Thanks for a detailed question!
1) Am I right in that this is failing at the join? Or is there
fundamentally bigger problems
Not quite, the join node has two parent nodes log4 and groupBy8. Neither
parent has sent any points on to the join node, so the join node has not
had an opportunity to do anything yet. If you follow the trail back up, the
window6 node has not emitted any values either. Meaning that not enough
data has arrived for it to trigger emitting a window. The other window node
did get enough data to trigger one emit but that was it.
Looks like you are windowing the data so that you can have the grace period
you were talking about for new hosts. In that case you will want to
configure the alert node with `.all()` so that all points in the window
have to meat the conditions in order to trigger an alert.

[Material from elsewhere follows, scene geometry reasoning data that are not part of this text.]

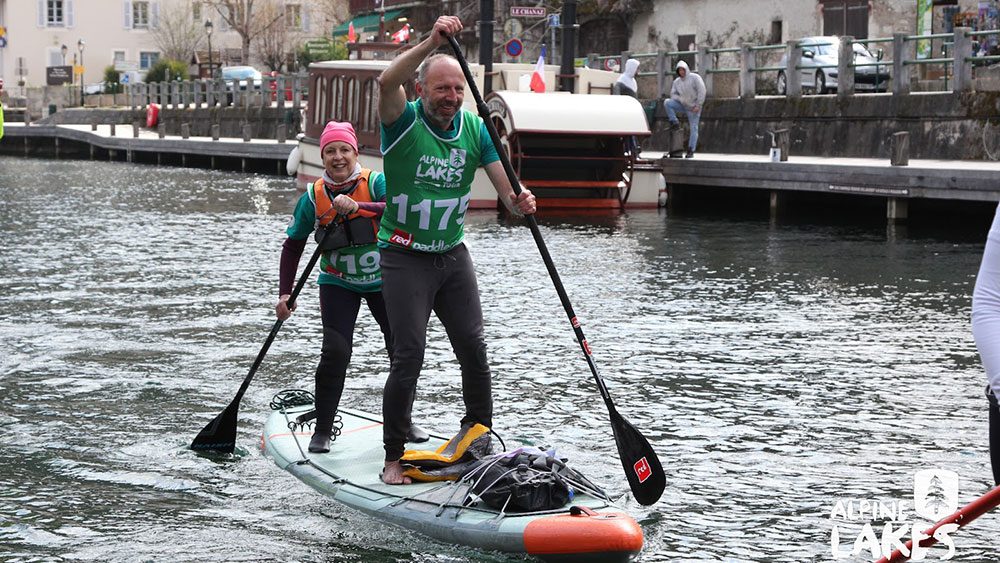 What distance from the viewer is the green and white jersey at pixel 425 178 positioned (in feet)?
21.9

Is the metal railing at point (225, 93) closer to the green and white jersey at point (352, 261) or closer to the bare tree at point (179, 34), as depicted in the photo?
the bare tree at point (179, 34)

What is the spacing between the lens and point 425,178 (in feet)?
22.0

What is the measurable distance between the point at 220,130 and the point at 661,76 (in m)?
25.3

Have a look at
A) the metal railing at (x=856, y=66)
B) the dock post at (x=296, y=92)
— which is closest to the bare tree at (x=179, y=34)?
the dock post at (x=296, y=92)

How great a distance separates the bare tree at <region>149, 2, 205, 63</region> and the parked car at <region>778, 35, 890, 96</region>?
184 ft

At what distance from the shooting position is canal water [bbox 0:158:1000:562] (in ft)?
22.8

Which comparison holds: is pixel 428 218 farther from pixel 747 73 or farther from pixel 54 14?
pixel 54 14

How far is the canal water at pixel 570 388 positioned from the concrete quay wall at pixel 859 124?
14.3 feet

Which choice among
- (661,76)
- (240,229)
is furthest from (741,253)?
(661,76)

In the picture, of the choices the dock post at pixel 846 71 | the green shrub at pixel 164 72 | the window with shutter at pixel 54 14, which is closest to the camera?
the dock post at pixel 846 71

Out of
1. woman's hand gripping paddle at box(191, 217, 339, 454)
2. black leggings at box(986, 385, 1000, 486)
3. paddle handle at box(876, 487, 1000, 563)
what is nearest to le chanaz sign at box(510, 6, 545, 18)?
woman's hand gripping paddle at box(191, 217, 339, 454)

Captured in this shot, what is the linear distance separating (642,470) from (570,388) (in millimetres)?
3474

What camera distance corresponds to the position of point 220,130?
177ft

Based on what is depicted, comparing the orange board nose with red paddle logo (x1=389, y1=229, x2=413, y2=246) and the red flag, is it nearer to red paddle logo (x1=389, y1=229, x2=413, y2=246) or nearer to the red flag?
red paddle logo (x1=389, y1=229, x2=413, y2=246) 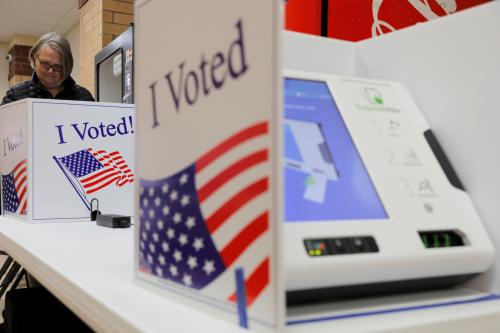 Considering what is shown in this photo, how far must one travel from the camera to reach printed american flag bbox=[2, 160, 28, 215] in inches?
59.7

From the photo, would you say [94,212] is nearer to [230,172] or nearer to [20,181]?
[20,181]

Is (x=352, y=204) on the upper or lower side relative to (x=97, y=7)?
lower

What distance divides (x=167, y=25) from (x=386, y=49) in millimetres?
368

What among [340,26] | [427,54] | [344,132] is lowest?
[344,132]

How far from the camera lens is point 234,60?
1.86 feet

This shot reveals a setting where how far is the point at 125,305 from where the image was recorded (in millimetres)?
633

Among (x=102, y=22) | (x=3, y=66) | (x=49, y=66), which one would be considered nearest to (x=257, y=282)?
(x=49, y=66)

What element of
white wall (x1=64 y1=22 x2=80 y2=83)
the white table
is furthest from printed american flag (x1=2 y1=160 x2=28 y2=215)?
white wall (x1=64 y1=22 x2=80 y2=83)

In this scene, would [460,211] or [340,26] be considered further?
[340,26]

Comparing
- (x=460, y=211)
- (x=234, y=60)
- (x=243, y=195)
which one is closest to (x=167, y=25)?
(x=234, y=60)

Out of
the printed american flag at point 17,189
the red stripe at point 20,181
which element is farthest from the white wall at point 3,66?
the red stripe at point 20,181

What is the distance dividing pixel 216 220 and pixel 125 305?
163 mm

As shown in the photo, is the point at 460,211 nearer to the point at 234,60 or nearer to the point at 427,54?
the point at 427,54

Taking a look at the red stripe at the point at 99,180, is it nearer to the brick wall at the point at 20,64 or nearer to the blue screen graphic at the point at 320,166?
the blue screen graphic at the point at 320,166
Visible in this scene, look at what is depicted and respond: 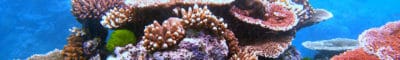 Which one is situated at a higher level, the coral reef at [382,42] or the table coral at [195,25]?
the table coral at [195,25]

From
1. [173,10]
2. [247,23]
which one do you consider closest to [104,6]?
[173,10]

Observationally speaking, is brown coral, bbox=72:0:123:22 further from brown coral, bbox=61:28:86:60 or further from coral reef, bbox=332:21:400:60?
coral reef, bbox=332:21:400:60

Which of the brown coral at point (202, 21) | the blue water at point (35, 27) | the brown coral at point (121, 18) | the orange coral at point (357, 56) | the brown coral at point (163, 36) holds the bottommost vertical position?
the orange coral at point (357, 56)

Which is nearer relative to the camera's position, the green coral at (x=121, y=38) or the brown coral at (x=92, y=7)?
→ the green coral at (x=121, y=38)

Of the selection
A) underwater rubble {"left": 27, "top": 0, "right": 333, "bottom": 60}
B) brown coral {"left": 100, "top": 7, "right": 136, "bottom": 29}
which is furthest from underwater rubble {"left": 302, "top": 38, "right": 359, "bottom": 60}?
brown coral {"left": 100, "top": 7, "right": 136, "bottom": 29}

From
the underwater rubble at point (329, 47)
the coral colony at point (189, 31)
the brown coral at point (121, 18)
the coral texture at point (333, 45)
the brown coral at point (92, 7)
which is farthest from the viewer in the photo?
the coral texture at point (333, 45)

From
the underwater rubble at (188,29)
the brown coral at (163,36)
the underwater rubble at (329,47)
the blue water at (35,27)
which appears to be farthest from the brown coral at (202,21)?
the blue water at (35,27)

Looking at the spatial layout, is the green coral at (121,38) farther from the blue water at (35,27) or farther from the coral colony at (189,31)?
the blue water at (35,27)

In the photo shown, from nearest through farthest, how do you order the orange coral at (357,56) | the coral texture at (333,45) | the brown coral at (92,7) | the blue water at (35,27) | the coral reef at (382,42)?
the coral reef at (382,42) → the orange coral at (357,56) → the brown coral at (92,7) → the coral texture at (333,45) → the blue water at (35,27)

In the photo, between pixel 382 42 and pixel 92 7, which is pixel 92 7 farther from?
pixel 382 42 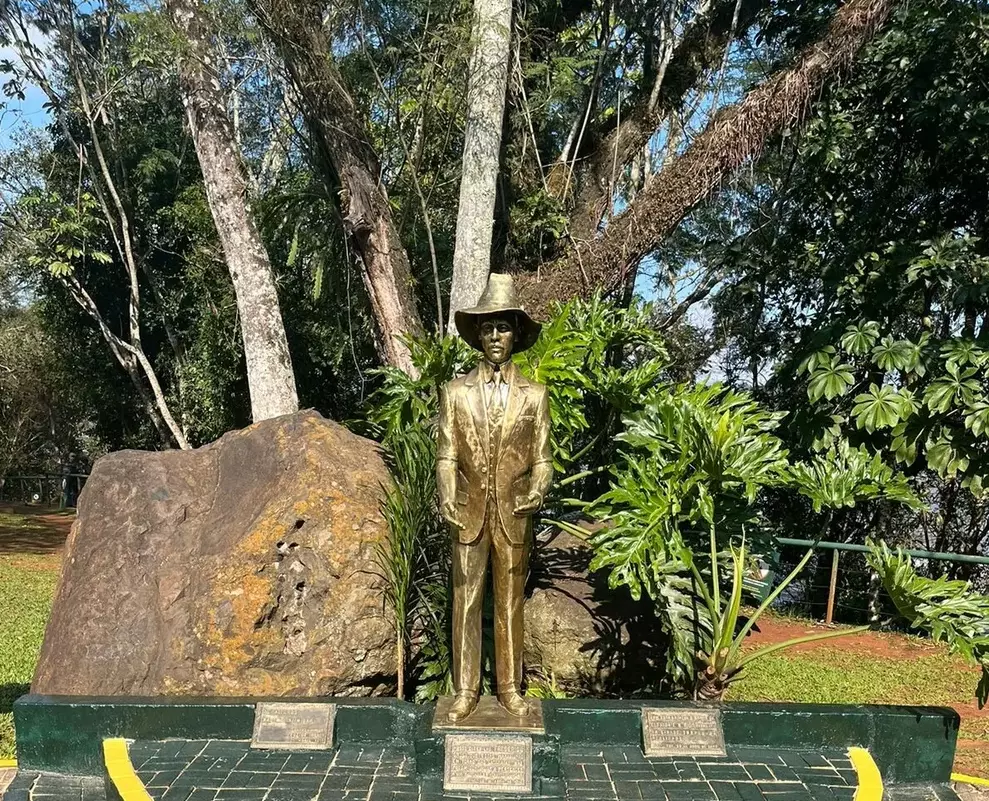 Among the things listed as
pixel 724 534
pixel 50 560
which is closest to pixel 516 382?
pixel 724 534

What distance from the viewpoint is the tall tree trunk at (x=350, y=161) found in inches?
338

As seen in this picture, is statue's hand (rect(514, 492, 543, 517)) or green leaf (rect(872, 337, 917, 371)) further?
green leaf (rect(872, 337, 917, 371))

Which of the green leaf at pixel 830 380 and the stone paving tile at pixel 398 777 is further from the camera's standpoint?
the green leaf at pixel 830 380

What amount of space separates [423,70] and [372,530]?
6.14m

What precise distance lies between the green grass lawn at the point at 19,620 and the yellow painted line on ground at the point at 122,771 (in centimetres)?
126

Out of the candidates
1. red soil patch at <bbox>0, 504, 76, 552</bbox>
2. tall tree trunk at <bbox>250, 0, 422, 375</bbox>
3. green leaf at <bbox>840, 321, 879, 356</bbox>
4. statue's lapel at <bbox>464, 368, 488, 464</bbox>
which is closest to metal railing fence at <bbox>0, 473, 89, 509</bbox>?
red soil patch at <bbox>0, 504, 76, 552</bbox>

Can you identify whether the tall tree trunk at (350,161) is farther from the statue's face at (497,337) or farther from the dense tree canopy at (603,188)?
the statue's face at (497,337)

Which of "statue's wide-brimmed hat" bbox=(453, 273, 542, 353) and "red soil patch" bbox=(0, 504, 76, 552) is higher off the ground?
"statue's wide-brimmed hat" bbox=(453, 273, 542, 353)

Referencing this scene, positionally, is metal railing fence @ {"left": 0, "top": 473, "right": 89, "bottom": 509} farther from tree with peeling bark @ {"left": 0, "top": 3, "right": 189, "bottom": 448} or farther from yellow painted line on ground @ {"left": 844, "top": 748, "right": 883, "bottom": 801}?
yellow painted line on ground @ {"left": 844, "top": 748, "right": 883, "bottom": 801}

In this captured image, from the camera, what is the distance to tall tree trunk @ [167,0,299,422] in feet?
30.0

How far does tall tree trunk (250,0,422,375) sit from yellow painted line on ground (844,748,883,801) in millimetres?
5394

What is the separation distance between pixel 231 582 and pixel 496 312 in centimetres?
229

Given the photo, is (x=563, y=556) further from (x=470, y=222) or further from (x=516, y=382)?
(x=470, y=222)

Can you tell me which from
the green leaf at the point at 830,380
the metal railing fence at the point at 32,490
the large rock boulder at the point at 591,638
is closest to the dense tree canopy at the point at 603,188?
the green leaf at the point at 830,380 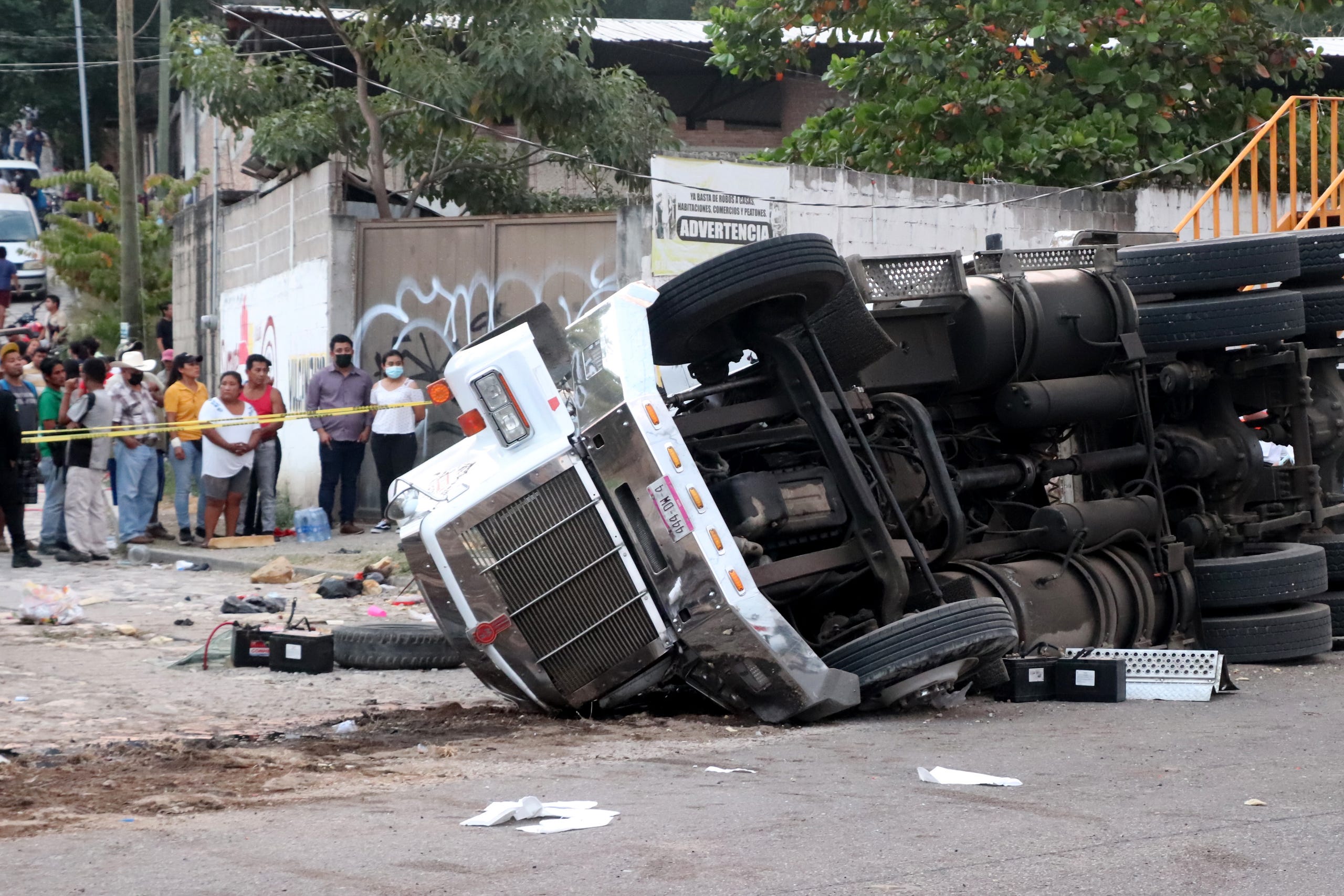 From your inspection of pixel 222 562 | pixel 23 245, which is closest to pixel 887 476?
pixel 222 562

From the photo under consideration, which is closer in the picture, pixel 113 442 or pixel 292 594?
pixel 292 594

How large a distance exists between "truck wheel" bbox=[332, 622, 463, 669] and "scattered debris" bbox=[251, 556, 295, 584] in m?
4.02

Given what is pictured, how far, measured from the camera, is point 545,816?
482cm

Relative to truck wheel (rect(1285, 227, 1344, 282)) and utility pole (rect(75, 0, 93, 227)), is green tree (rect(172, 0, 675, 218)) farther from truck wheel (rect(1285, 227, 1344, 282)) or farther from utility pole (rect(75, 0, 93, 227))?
utility pole (rect(75, 0, 93, 227))

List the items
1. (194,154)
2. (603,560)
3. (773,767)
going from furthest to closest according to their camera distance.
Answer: (194,154) < (603,560) < (773,767)

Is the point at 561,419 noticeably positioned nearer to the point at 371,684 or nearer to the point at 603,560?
the point at 603,560

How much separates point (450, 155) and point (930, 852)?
14193 mm

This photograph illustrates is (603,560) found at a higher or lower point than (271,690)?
higher

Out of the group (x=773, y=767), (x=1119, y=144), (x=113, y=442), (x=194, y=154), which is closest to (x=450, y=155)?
(x=113, y=442)

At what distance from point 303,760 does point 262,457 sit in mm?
9274

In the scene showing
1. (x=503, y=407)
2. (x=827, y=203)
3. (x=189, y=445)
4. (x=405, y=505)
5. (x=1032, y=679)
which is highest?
(x=827, y=203)

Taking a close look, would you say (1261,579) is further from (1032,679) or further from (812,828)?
(812,828)

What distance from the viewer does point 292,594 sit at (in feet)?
38.1

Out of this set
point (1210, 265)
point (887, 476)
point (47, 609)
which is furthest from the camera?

If you are not using the window for that purpose then just remove it as its
not doing anything otherwise.
2) What have I done wrong for this join to be failing? Am I completely
misunderstanding the join (or even more general), or is there just a small
implementation issue?
Understanding the join .`on` property here is the key. The way the `.on`
property work is it expects one of the parents to be grouped by a set of
specific tags and one of the other parents to be grouped by less specific
tags.
For example in your case the process data should be grouped by name and
host while the uptime data is only grouped by host. The resulting data is
grouped by the more specific set of tags (i..e name and host). I'll show
an example below.
3) In order to use the result of the join, am I wrong to name it with a var
for reuse below? I thought .streamName('..') might do this with out setting
a var, but I simply get an error that 'process_with_uptime' isn't somethign
thats in scope.
StreamName is rarely needed, it would become the name of the measurement if
you were to write it back to InfluxDB or something. Other than that your
eval looks correct.
4) Is my overall approach just fundamentally wrong?
Nope
5) Apart from using joins, whats the correct way to take the result of 1
stream (or batch) and use it in another?
Join is the answer here.
6) Should i have approached this some totally different way?
Like you said there are a few different ways to go about this. I think the
simplest is a slight modification on what you are doing. Instead of
windowing the data, simply join on the uptime and process streams raw. Then
use an expression like what you have for critical alert to check the uptime
which will naturally filter out new hosts.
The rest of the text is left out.